··· Data for this exercise ···

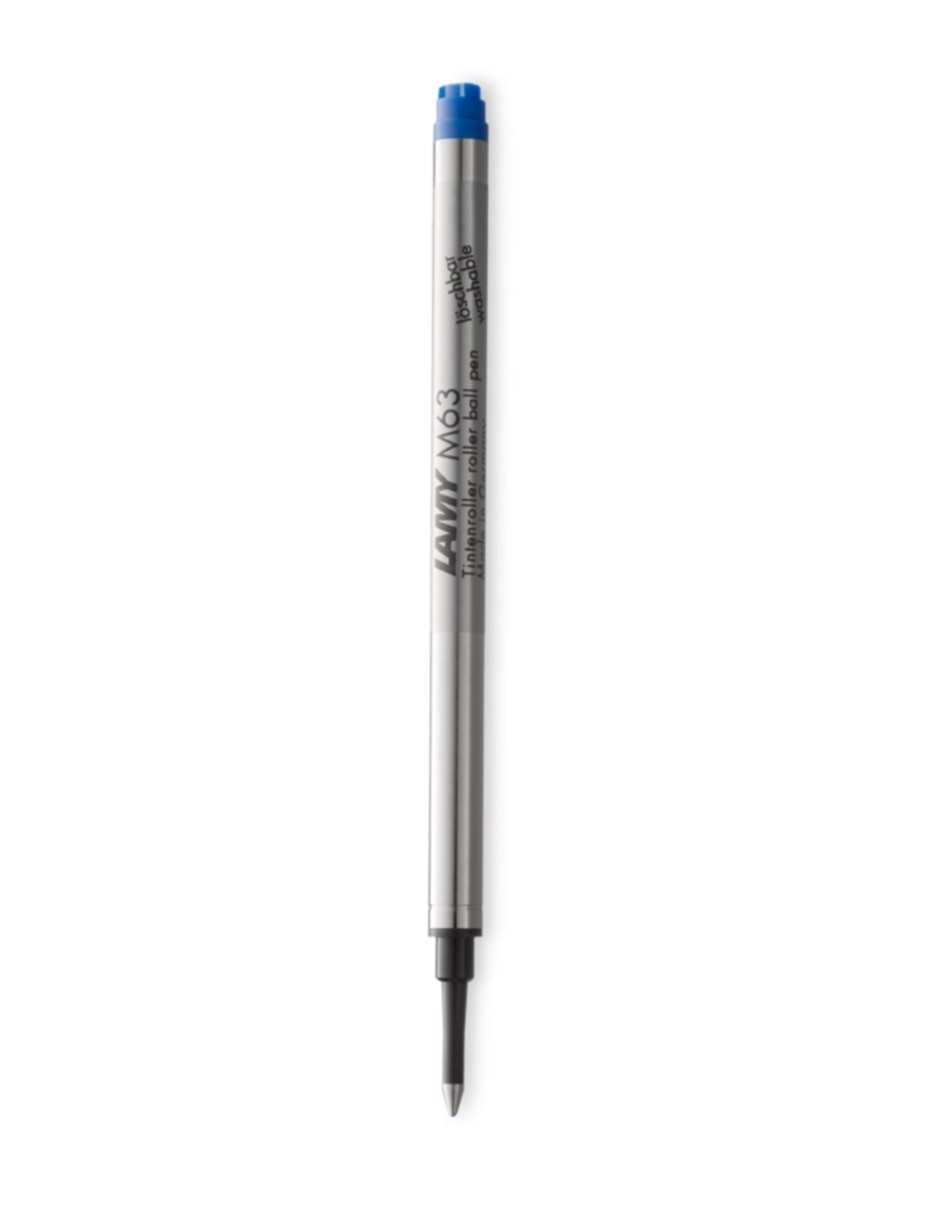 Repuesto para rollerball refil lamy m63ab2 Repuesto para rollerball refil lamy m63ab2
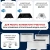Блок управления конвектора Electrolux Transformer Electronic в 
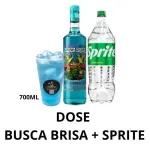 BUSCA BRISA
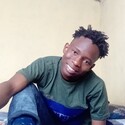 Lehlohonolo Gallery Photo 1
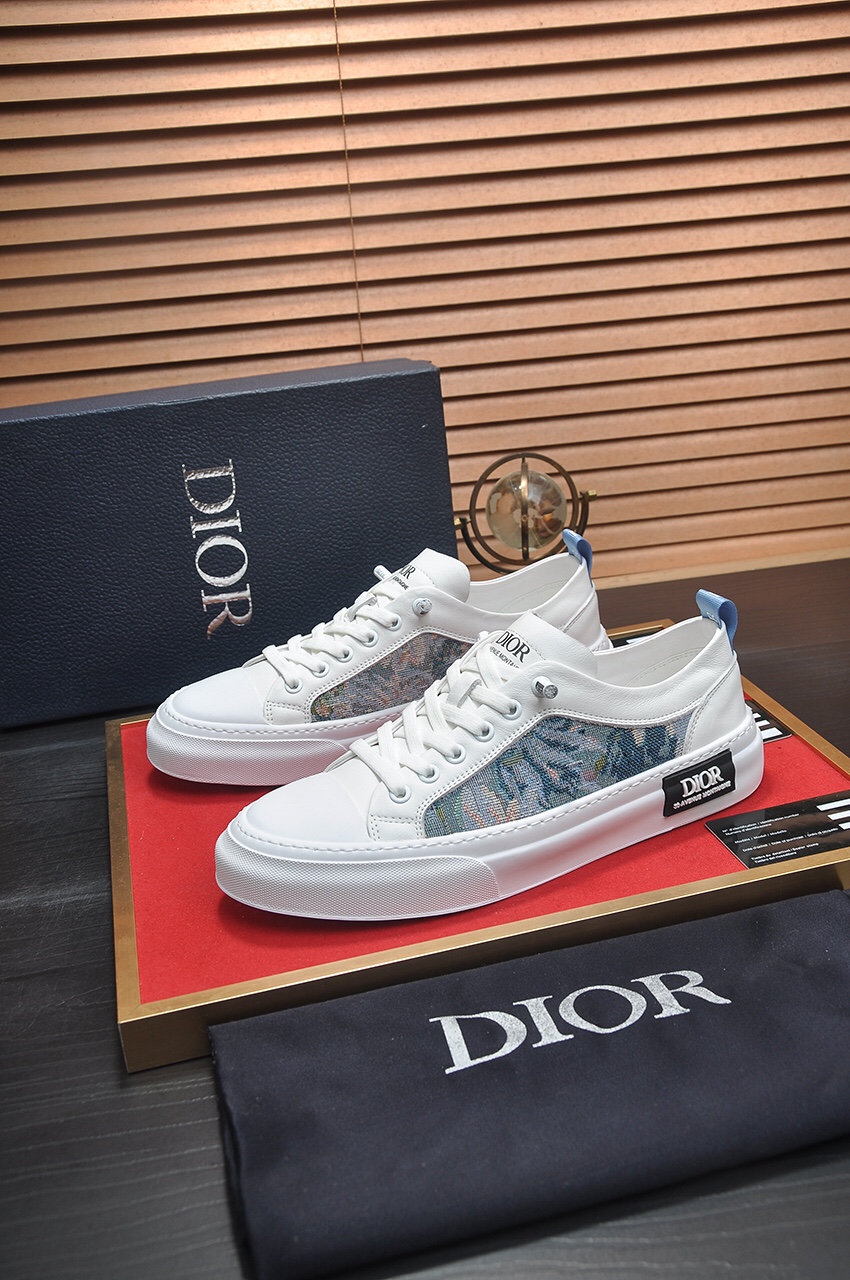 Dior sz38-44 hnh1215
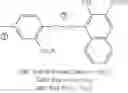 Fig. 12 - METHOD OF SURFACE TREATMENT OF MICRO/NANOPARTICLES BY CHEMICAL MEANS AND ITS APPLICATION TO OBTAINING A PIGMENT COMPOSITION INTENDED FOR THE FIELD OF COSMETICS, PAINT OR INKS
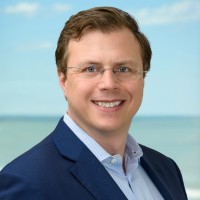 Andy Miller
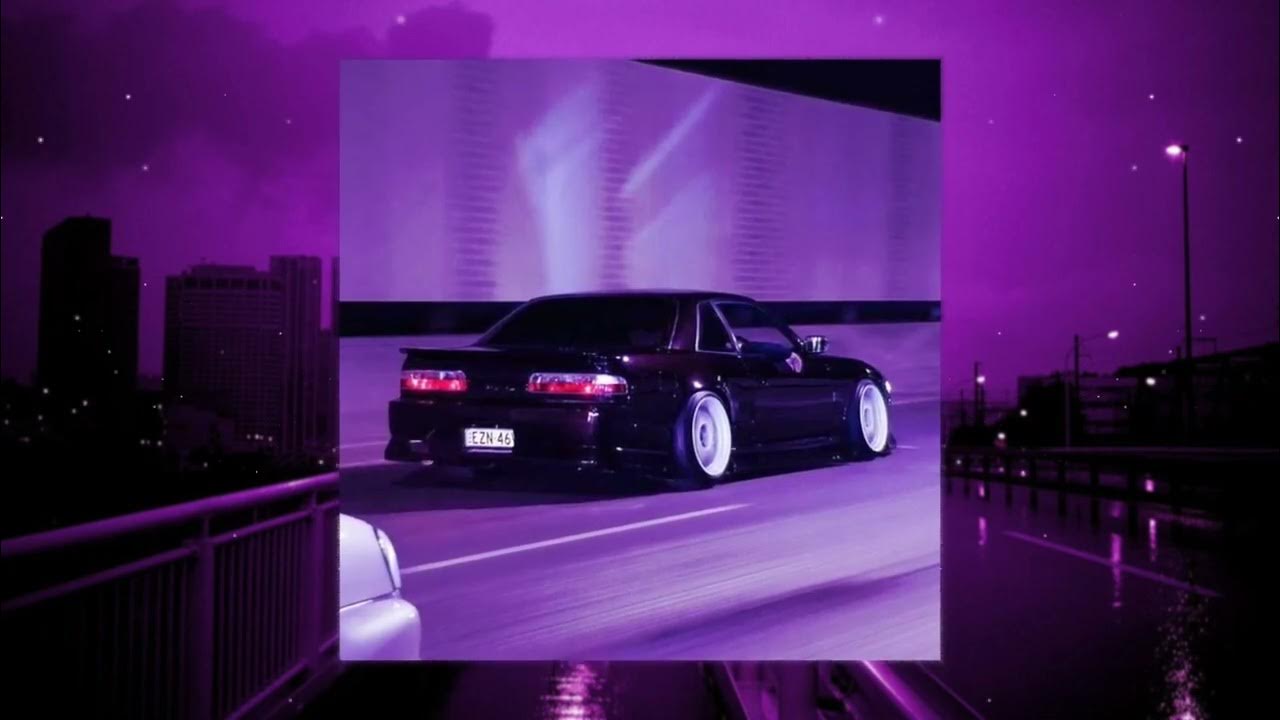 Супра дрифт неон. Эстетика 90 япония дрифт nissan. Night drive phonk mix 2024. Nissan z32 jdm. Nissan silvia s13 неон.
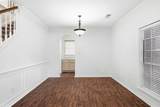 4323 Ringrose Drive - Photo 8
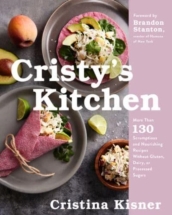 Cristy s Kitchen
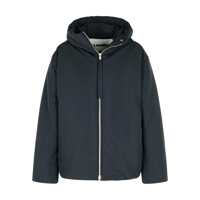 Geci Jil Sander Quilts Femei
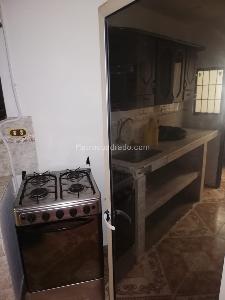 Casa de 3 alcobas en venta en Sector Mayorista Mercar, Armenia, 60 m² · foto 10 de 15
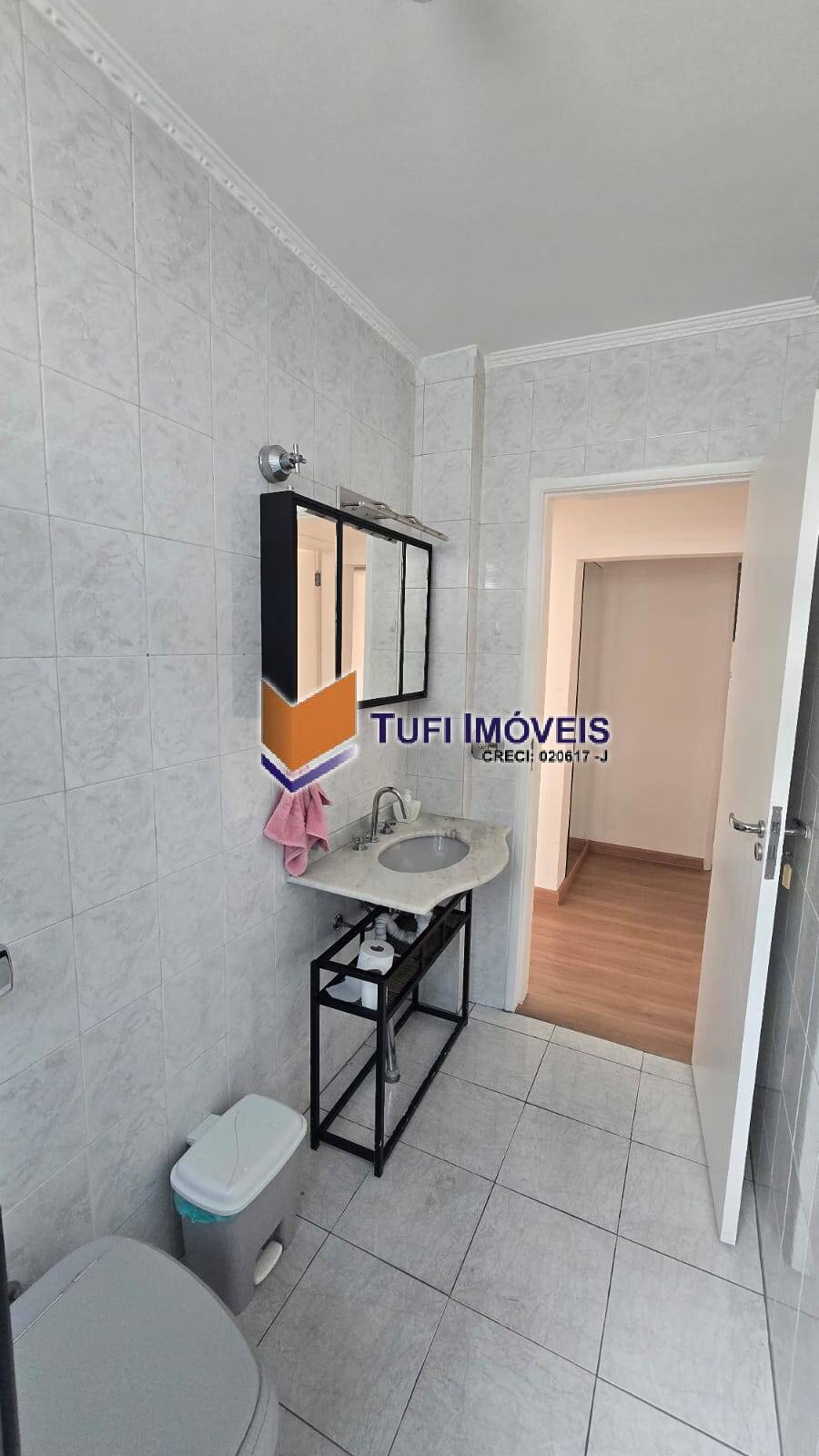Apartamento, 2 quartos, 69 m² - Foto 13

···

Only the text of the records above is to be reproduced, exactly as given; the pictures are dropped.

 Repuesto para rollerball refil lamy m63ab2 Repuesto para rollerball refil lamy m63ab2
Блок управления конвектора Electrolux Transformer Electronic в 
 BUSCA BRISA
 Lehlohonolo Gallery Photo 1
 Dior sz38-44 hnh1215
 Fig. 12 - METHOD OF SURFACE TREATMENT OF MICRO/NANOPARTICLES BY CHEMICAL MEANS AND ITS APPLICATION TO OBTAINING A PIGMENT COMPOSITION INTENDED FOR THE FIELD OF COSMETICS, PAINT OR INKS
 Andy Miller
 Супра дрифт неон. Эстетика 90 япония дрифт nissan. Night drive phonk mix 2024. Nissan z32 jdm. Nissan silvia s13 неон.
 4323 Ringrose Drive - Photo 8
 Cristy s Kitchen
 Geci Jil Sander Quilts Femei
 Casa de 3 alcobas en venta en Sector Mayorista Mercar, Armenia, 60 m² · foto 10 de 15
Apartamento, 2 quartos, 69 m² - Foto 13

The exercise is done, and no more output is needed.